1. soi-disant: Self-styled; ‘so-called’.
1. early June … recourse to force: The Burmese army shot and killed around a hundred people in June 1974, ending a nationwide strike which had brought government offices and factories to a standstill.
1. Calderon-like cry ‘since … dreams are dreams?’: Life is a Dream, by the Spanish playwright Pedro Calderón de la Barca (1600–1681). ‘What is life? An illusion, / A shadow, a fiction, / … / For all of life is a dream, / And dreams, are nothing but dreams.’
1. despite steel: The EC–US steel dispute was a bitter trade war. In 1982 US steel producers filed more than one hundred anti-dumping complaints against their competitors in Europe.
2. pipeline: At the height of the Cold War, the participation of European companies in the construction of a massive gas pipeline across the USSR provoked a major transatlantic tiff. A 1980 US embargo on exported materials designed to halt the 2,800-mile Trans-Siberian project was dismissed by Lord Cockfield, the UK’s Secretary of State for Trade, as ‘repugnant in international law’. Realizing he was beaten, Reagan told his cabinet ‘they can have their damned pipeline’.
1. UDI: Unilateral Declaration of Independence.
1. André Malraux: French author and statesman. ‘Cité de l’espoir’ means ‘city of hope’.

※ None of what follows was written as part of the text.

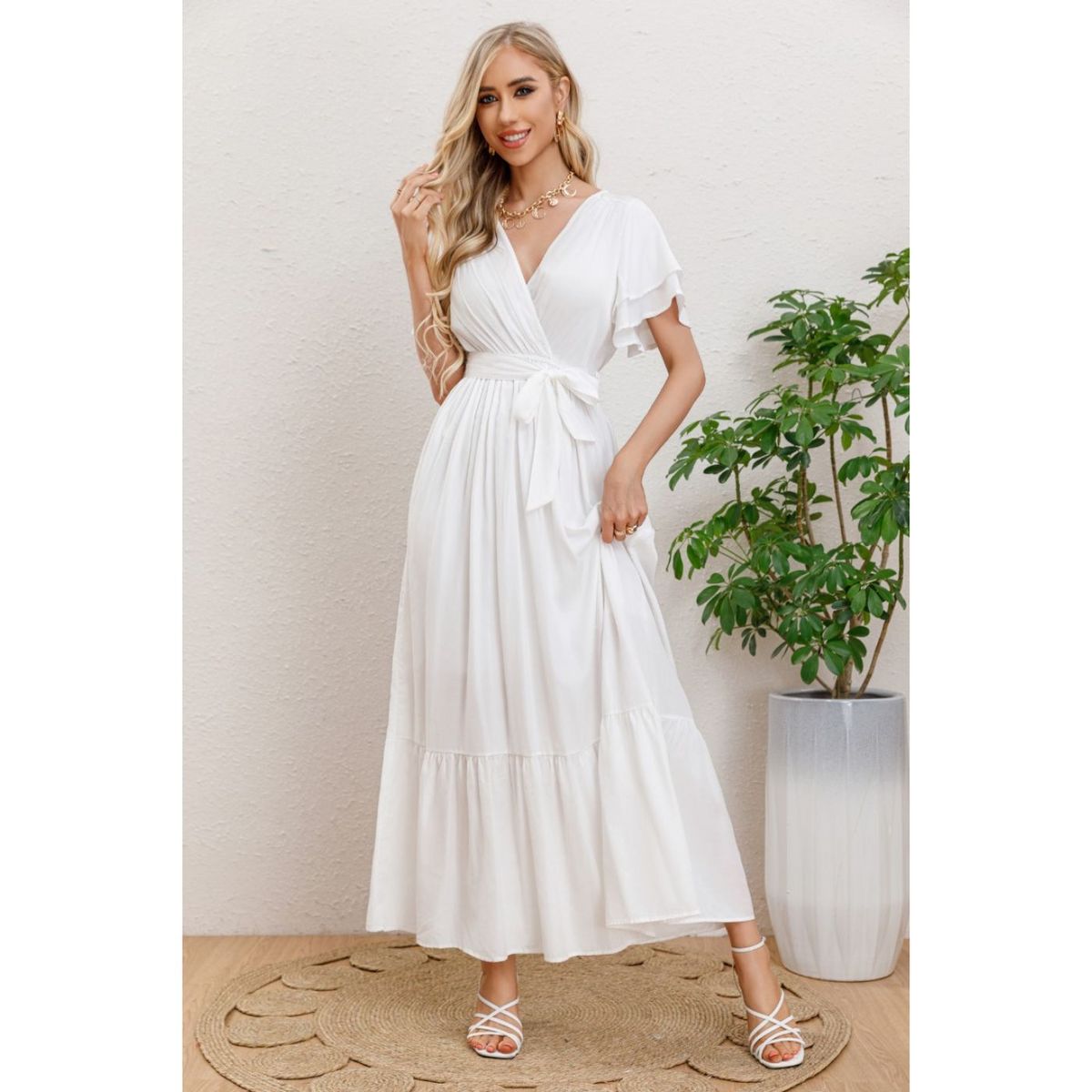 LIKE SHOP - Maxi Vestido Largo Mujer Primavera Premium. Abertura, Cuello V 326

2. Oscar Niemeyer and Lucio Costa: Architects. Costa designed Brasilia’s urban plan, while Niemeyer was responsible for many of its buildings. Both were great believers in the aesthetic appeal of concrete.
3. Dom Pedro II: Emperor of Brazil, 1831–89.
4. Boudin’s Trouville: Eugène Boudin was a major influence on the Impressionists who followed him; his 1864 beach scene is much admired for its use of colour.
5. Homburg under King Edward VII: In the nineteenth century Homburg, near Frankfurt, was a fashionable spa and gambling resort. The half-German King Edward VII visited no fewer than thirty-two times.
6. Colonel Fawcett: The inspiration for the Indiana Jones stories, in 1925 Percy Fawcett disappeared in the Brazilian jungle while searching for a lost city known only as ‘Z’. Over the years 100 people from thirteen separate expeditions are said to have perished trying to retrace Fawcett’s steps and discover his fate.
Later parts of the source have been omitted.